EU President Donald Tusk on Tuesday urged Catalonia's separatist leader not to take a decision that would make dialogue with Madrid "impossible" and respect the constitution, just hours before a possible declaration of independence.

Brussels has firmly backed Madrid in the escalating standoff over the banned referendum vote for Catalan independence on October 1 but called for talks to defuse the crisis, which has sent shockwaves through the European Union.

Catalan government chief Carles Puigdemont is due to address an extraordinary session of the region's parliament which starts at 1600 GMT, though it remains unclear whether he will follow through on a threat to announce a full breakaway from Spain.

"Today I ask you to respect in your intentions the constitutional order and not to announce a decision that would make such a dialogue impossible," Tusk said in Brussels.

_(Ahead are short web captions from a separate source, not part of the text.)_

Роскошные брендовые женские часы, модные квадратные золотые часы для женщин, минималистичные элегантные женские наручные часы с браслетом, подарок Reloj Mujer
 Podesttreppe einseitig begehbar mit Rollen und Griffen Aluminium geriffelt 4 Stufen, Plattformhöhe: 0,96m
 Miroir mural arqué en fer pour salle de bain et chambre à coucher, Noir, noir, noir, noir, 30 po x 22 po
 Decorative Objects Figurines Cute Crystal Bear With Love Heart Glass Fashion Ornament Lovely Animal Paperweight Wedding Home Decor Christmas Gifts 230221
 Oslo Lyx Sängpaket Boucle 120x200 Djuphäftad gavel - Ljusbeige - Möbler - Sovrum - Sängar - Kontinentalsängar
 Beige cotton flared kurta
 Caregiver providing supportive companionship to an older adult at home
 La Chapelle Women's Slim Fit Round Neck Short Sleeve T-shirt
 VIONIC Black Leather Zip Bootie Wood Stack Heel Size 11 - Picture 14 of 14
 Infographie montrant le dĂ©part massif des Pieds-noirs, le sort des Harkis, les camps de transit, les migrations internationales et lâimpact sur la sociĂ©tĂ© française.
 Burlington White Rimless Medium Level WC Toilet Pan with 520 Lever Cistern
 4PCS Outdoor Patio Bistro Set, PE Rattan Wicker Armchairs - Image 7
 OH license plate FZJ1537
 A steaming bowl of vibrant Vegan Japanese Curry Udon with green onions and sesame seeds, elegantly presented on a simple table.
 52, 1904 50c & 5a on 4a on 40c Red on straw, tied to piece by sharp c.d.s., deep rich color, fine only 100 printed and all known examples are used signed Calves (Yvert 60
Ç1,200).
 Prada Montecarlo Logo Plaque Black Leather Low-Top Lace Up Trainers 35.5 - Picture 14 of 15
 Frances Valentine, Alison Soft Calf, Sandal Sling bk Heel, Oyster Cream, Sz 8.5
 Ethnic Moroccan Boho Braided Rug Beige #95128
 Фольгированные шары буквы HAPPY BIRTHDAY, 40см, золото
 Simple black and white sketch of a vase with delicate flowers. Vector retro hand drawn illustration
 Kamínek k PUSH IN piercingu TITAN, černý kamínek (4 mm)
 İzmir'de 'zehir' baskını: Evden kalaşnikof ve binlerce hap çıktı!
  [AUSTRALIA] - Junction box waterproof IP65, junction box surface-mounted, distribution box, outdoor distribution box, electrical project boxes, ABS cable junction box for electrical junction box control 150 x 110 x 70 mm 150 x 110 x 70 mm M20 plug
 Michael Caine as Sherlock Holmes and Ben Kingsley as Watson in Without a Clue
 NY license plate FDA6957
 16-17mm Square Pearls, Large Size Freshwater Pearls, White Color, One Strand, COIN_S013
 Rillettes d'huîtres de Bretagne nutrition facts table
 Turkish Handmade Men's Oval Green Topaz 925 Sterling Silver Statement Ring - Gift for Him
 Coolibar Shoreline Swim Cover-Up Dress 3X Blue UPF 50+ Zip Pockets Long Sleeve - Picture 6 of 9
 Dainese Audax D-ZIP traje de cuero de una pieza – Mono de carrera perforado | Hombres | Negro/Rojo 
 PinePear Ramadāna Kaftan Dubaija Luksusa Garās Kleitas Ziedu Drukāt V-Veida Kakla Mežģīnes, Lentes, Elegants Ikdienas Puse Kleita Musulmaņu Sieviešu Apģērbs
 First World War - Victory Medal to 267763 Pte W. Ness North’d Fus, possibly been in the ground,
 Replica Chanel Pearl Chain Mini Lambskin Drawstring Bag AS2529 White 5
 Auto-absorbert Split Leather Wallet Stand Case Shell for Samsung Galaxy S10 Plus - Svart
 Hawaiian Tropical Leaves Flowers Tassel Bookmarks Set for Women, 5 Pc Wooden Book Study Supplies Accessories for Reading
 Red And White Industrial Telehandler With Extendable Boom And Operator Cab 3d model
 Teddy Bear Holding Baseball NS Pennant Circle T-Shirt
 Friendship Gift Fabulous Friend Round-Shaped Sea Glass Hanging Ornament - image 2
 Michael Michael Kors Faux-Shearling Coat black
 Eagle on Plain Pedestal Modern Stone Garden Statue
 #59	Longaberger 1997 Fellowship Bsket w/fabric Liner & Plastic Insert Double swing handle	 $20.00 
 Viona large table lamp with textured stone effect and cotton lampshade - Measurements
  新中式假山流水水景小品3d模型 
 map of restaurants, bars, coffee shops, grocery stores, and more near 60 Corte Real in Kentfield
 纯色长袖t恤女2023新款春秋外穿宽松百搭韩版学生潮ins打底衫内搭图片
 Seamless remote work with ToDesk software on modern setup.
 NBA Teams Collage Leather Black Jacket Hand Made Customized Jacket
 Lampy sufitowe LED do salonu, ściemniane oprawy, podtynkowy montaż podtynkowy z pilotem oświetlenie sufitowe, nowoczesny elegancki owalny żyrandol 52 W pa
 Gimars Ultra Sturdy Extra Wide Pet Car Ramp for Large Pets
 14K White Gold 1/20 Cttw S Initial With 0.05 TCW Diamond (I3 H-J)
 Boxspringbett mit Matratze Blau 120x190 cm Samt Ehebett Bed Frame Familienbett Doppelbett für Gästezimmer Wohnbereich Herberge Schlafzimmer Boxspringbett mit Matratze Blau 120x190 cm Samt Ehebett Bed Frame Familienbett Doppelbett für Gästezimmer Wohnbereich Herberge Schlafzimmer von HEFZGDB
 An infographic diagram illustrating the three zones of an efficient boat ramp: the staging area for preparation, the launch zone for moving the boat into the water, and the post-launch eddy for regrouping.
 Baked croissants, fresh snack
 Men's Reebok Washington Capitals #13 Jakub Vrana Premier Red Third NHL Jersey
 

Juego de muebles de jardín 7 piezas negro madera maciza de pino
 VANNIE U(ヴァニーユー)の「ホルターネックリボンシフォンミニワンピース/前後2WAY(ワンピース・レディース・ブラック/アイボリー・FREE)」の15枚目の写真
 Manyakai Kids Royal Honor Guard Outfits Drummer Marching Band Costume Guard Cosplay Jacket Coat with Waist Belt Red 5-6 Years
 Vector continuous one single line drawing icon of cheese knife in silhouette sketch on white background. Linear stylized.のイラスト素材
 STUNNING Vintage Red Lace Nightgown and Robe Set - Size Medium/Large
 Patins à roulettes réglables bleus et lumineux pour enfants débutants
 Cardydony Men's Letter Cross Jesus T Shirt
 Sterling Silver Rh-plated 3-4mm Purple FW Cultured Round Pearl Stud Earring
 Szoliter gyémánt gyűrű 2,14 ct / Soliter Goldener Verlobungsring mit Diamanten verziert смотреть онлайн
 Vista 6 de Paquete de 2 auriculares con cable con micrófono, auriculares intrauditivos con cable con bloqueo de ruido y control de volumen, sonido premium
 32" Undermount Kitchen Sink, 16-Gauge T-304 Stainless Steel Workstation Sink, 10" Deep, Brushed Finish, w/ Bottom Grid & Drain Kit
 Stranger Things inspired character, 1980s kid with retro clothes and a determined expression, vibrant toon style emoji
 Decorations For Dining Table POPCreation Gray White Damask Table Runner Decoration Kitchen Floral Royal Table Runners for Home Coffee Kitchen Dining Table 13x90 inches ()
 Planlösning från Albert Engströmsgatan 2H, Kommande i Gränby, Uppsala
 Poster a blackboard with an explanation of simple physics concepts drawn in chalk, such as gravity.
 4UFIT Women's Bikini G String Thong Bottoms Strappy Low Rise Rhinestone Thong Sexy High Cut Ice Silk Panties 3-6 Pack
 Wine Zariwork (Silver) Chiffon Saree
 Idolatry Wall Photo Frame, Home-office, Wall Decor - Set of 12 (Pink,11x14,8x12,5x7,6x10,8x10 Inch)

Tusk, a self-confessed former football hooligan, said he made his appeal in a spirit of European unity and also "as a man who knows what it feels like to be hit by a police baton".

"Diversity should not, and need not, lead to conflict, whose consequences would obviously be bad: for the Catalans, for Spain and for the whole of Europe. Let us always look for what unites us, and not for what divides us," Tusk said.

His comments echoed a warning from Madrid to Puigdemont "not to do anything irreversible" and not to make a unilateral declaration of independence.

Puigdemont says the referendum result -- 90 percent in favour of independence -- justifies splitting from Madrid, though the poll was poorly monitored and many Catalans opposed to secession simply stayed home. Turnout was just over 42 percent.

The EU has insisted the crisis is an internal matter for Spain and defended Madrid's right to use "proportionate" force after dramatic images of riot police clashing with voters on polling day caused international alarm.

At stake is the future of a region of 7.5 million people deeply divided over independence, one of Spain's economic powerhouses whose drive to break away has raised concern for stability in the European Union.